# Aquarium-safe materials for DIY ornaments.



## Bub (Jun 14, 2006)

I'm interested in making some DIY ornaments (mainly caves) and I just want to make sure that I have aquarium-safe materials.

styrofoam?
tupperware?
pvc?

What other materials can be used? What kind of glue?

The first DIY cave I plan on making would be a simple one- cut holes in a tupperware container and glue gravel to the outside.


----------



## violet (Mar 17, 2006)

There is a 2 part epoxy made for aquarium use, be good for use on PVC, especially if you rough up the surface. There is also marine epoxy which I have used, seems to be the same, just cheaper. Don't know if it would work for tupperware. Plain aquarium silicone might be better for that, cure at least 48 hours

Make sure the tupperware is super clean or new.

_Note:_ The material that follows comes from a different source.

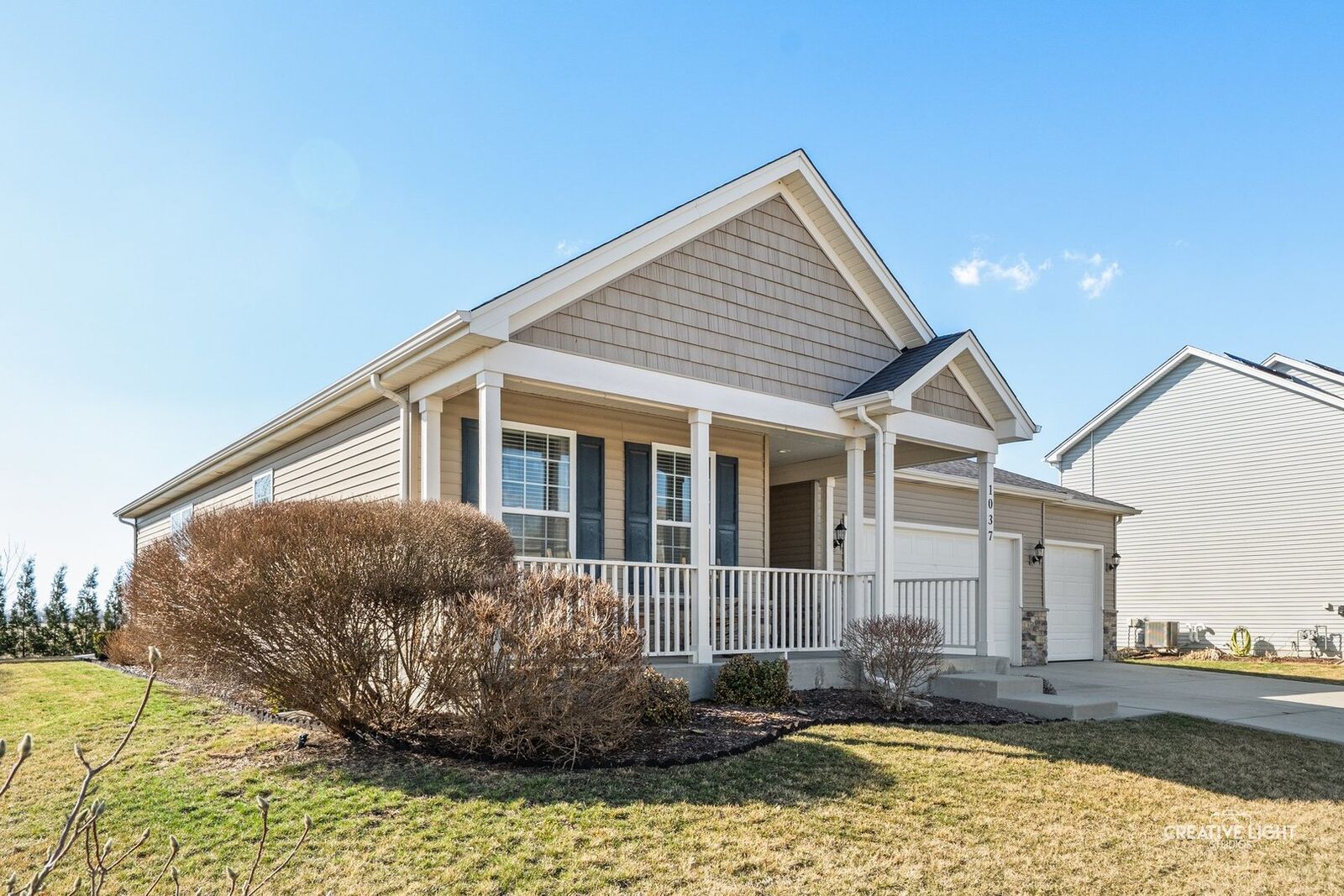 Property Photo: 1037 N Carly Circle IL 60560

Plastics can hold residual films of oils and soaps.

violet


----------



## dwool36 (Jan 31, 2006)

Coconut shells make excellent caves.


----------



## Puffer Pita (Jun 16, 2006)

PVC can be used as long as its new, and superglue is safe - reefers use it all the time.


----------



## Bub (Jun 14, 2006)

I just realized there is a DIY forum here. I'm retarded.


----------